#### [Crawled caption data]
:::

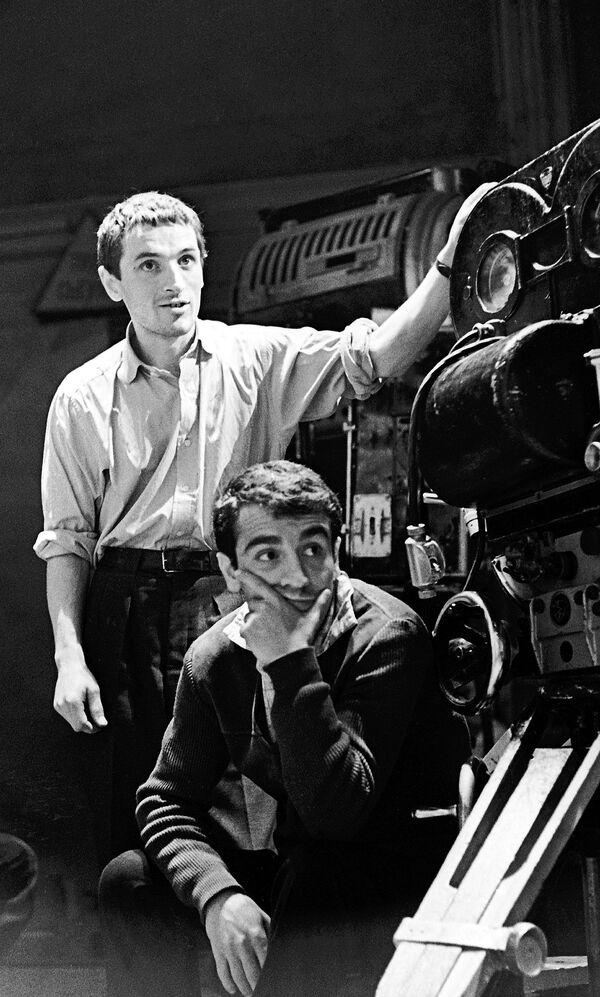 Эдмонд Кеосаян, Дмитрий Коржихин - Sputnik Արմենիա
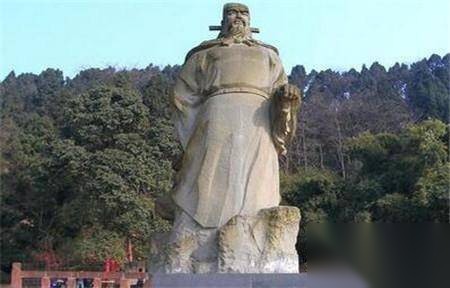 一代文人志士虞允文历史图片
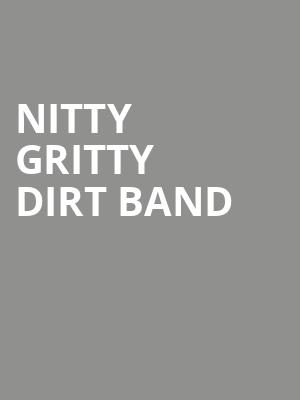 Nitty Gritty Dirt Band, River Spirit Casino, Tulsa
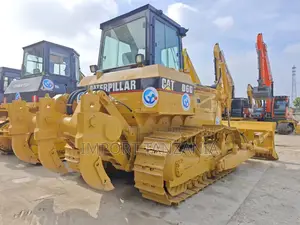 Caterpillar D6g Bulldozer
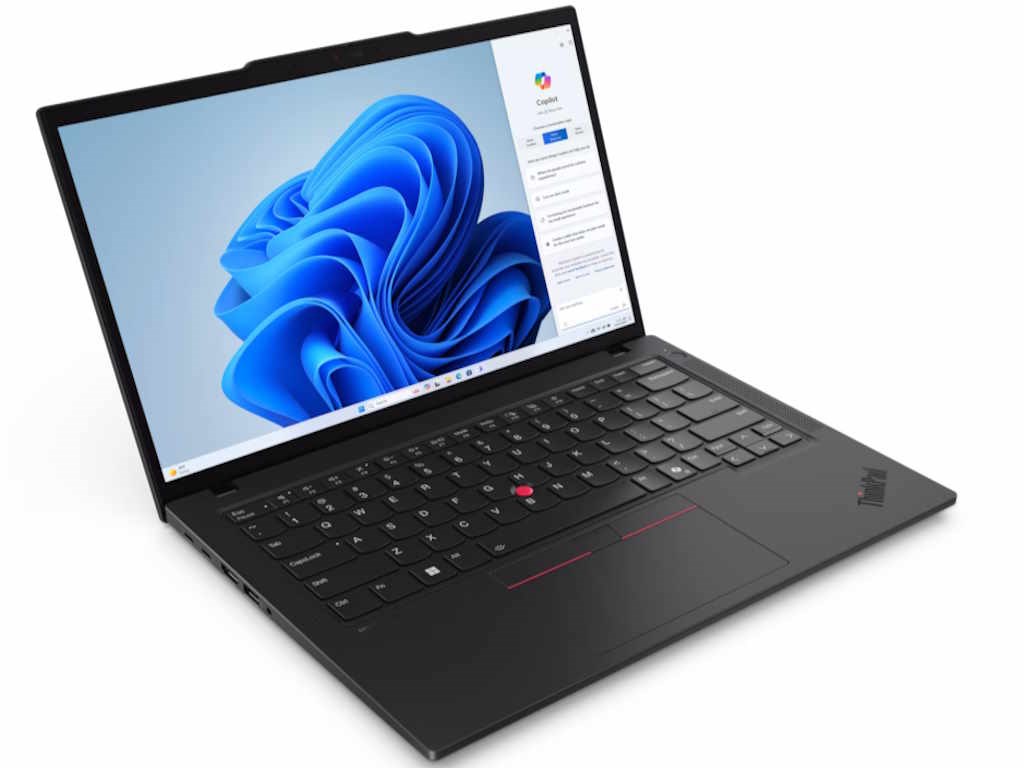 Laptop LENOVO ThinkPad T14 G5 Win11 Pro/14″ WUXGA/U7-155U/16GB/512GB/FPR/backlit ENG/crna – 21ML0033CX Laptop računari SOPING.RS 42 Laptop LENOVO ThinkPad T14 G5 Win11 Pro/14" WUXGA/U7-155U/16GB/512GB/FPR/backlit ENG/crna - 21ML0033CX - Слика 2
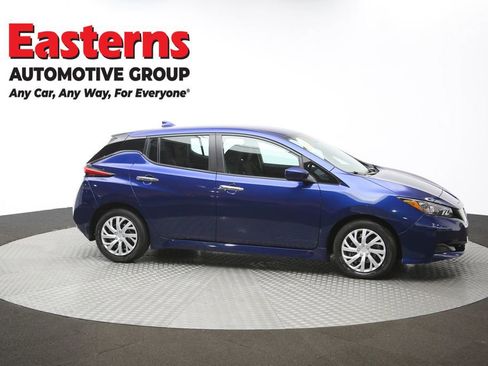 Used 2023 Nissan Leaf S image 44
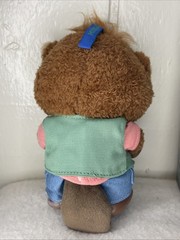 MINISO Disney Zootopia 2 City Residents Series Vinyl Plush Blind Box NIBBLES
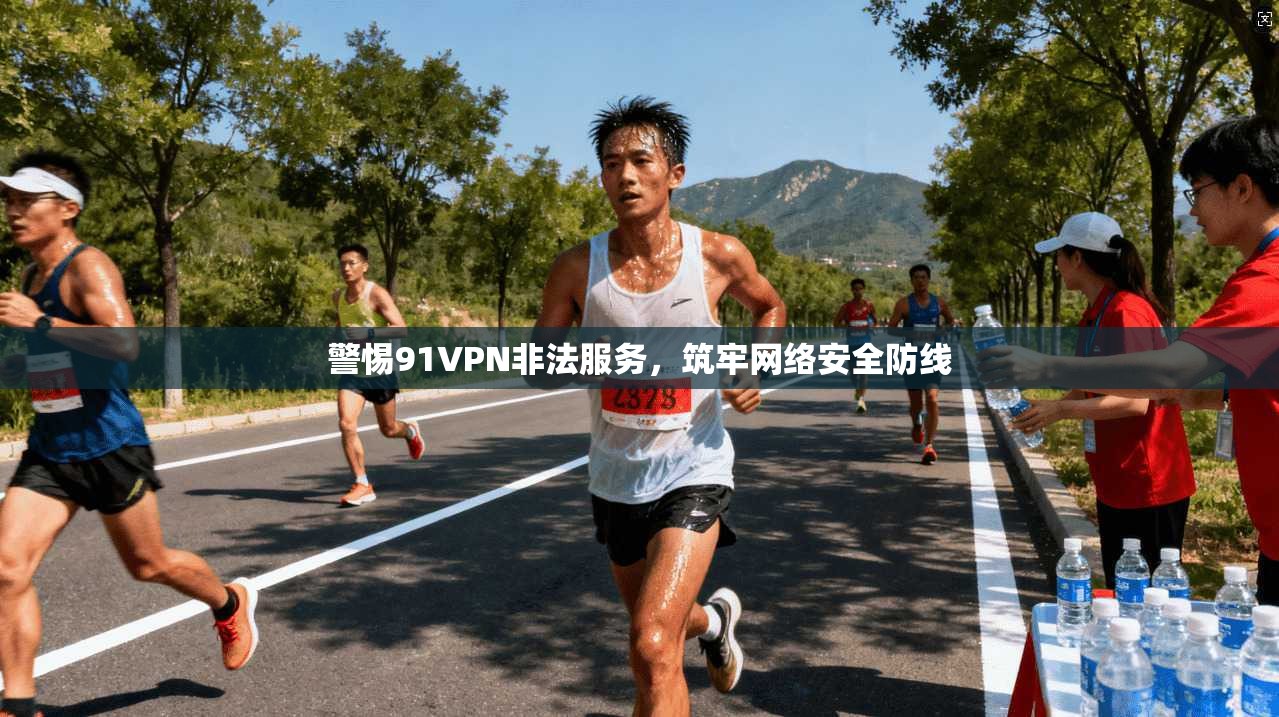警惕91VPN非法服务，筑牢网络安全防线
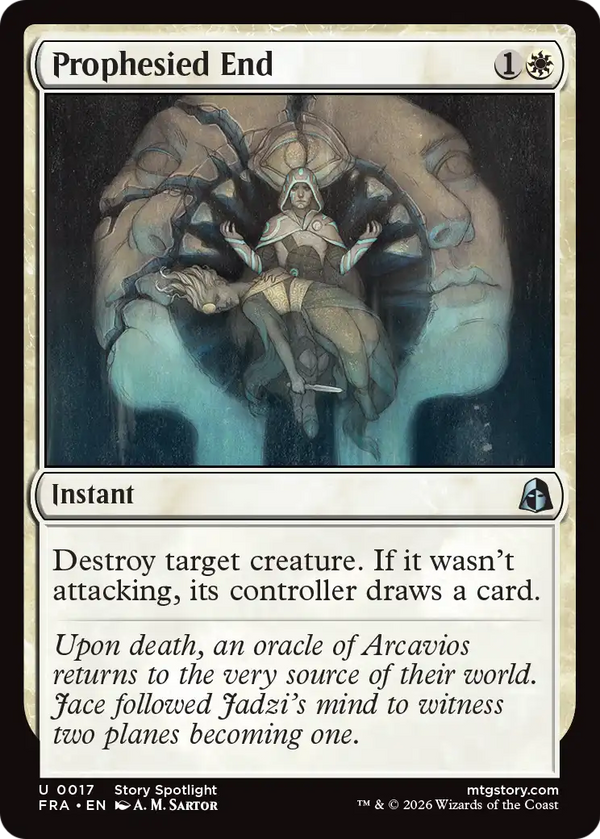 Prophesied End (FRA)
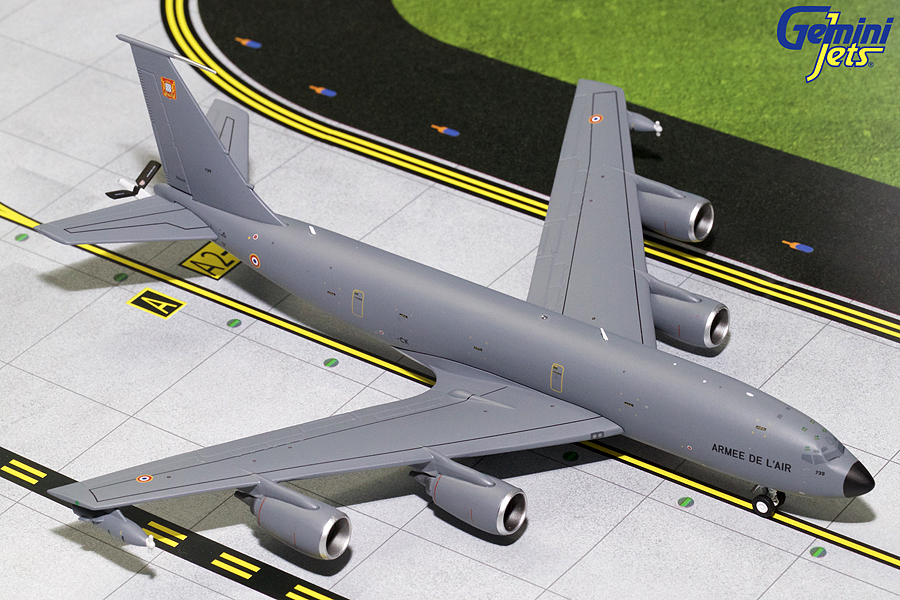 G2FAF745 GEMINI 200 FRENCH AIR FORCE / フランス空軍 KC-135R 739 1:200 完売しました。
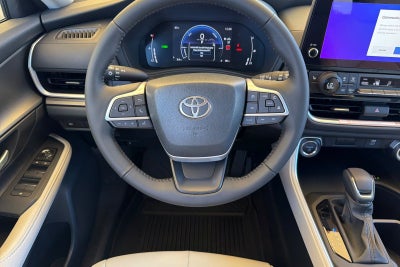 2026 Toyota Grand Highlander Hybrid XLE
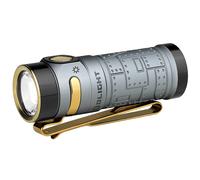 Lampe de poche rechargeable Baton 4 Fighter Pilot 1300 lumens Olight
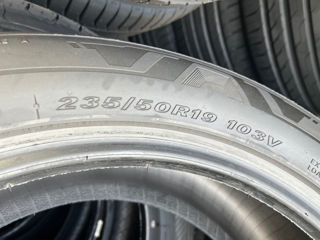 2 шины/2 anvelope 235/50 R19 Nexen N`Fera Primus/ Доставка, livrare toata Moldova foto 10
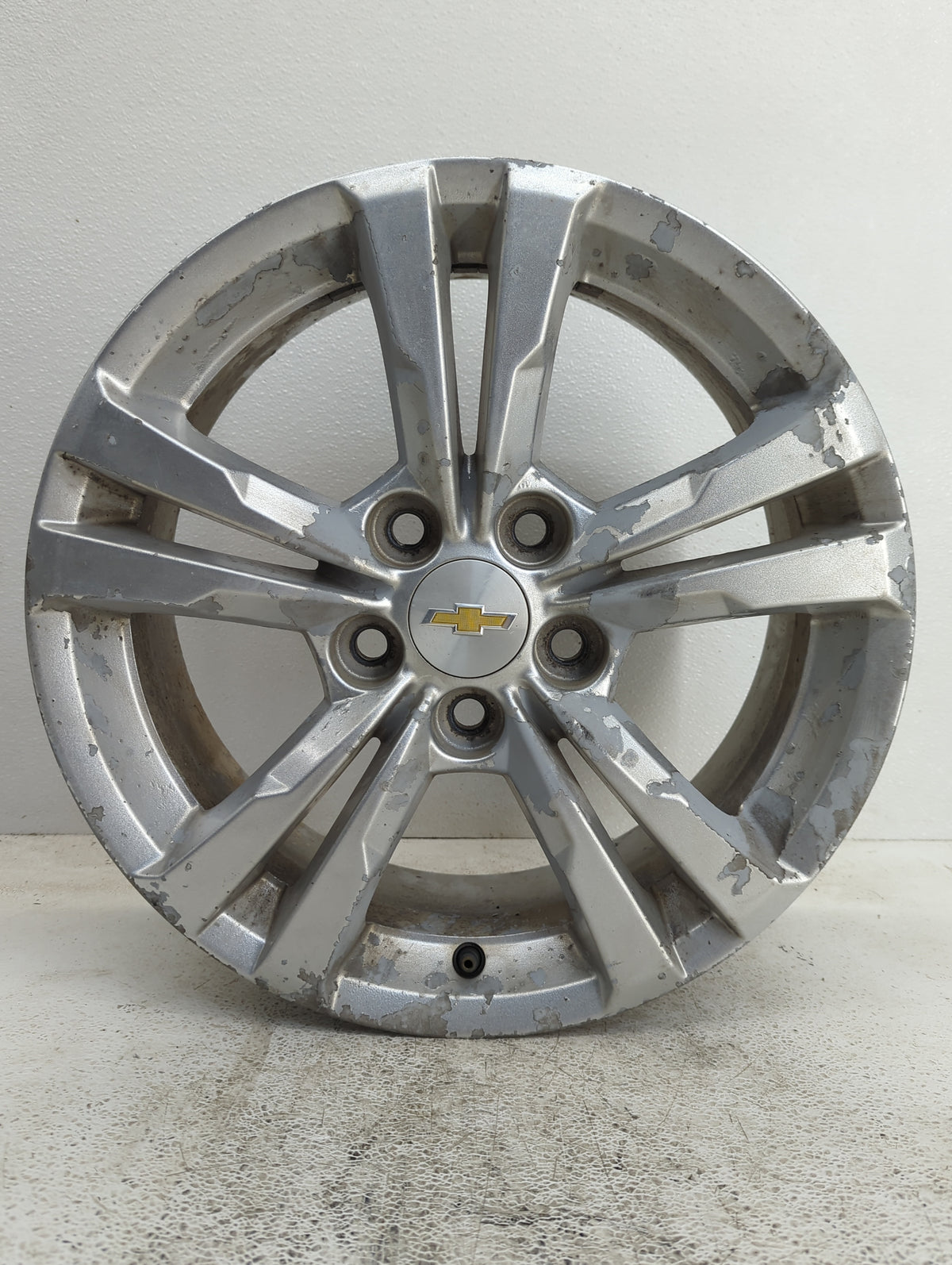 2010-2017 Chevrolet Equinox Oem Wheel Rim 937444 - Oemusedautoparts1.com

:::

#### [Assignment]
Word-for-word repeat, images excluded: return all the data.

#### [Answer to this exercise]
 Эдмонд Кеосаян, Дмитрий Коржихин - Sputnik Արմենիա
 一代文人志士虞允文历史图片
 Nitty Gritty Dirt Band, River Spirit Casino, Tulsa
 Caterpillar D6g Bulldozer
 Laptop LENOVO ThinkPad T14 G5 Win11 Pro/14″ WUXGA/U7-155U/16GB/512GB/FPR/backlit ENG/crna – 21ML0033CX Laptop računari SOPING.RS 42 Laptop LENOVO ThinkPad T14 G5 Win11 Pro/14" WUXGA/U7-155U/16GB/512GB/FPR/backlit ENG/crna - 21ML0033CX - Слика 2
 Used 2023 Nissan Leaf S image 44
 MINISO Disney Zootopia 2 City Residents Series Vinyl Plush Blind Box NIBBLES
警惕91VPN非法服务，筑牢网络安全防线
 Prophesied End (FRA)
 G2FAF745 GEMINI 200 FRENCH AIR FORCE / フランス空軍 KC-135R 739 1:200 完売しました。
 2026 Toyota Grand Highlander Hybrid XLE
 Lampe de poche rechargeable Baton 4 Fighter Pilot 1300 lumens Olight
 2 шины/2 anvelope 235/50 R19 Nexen N`Fera Primus/ Доставка, livrare toata Moldova foto 10
 2010-2017 Chevrolet Equinox Oem Wheel Rim 937444 - Oemusedautoparts1.com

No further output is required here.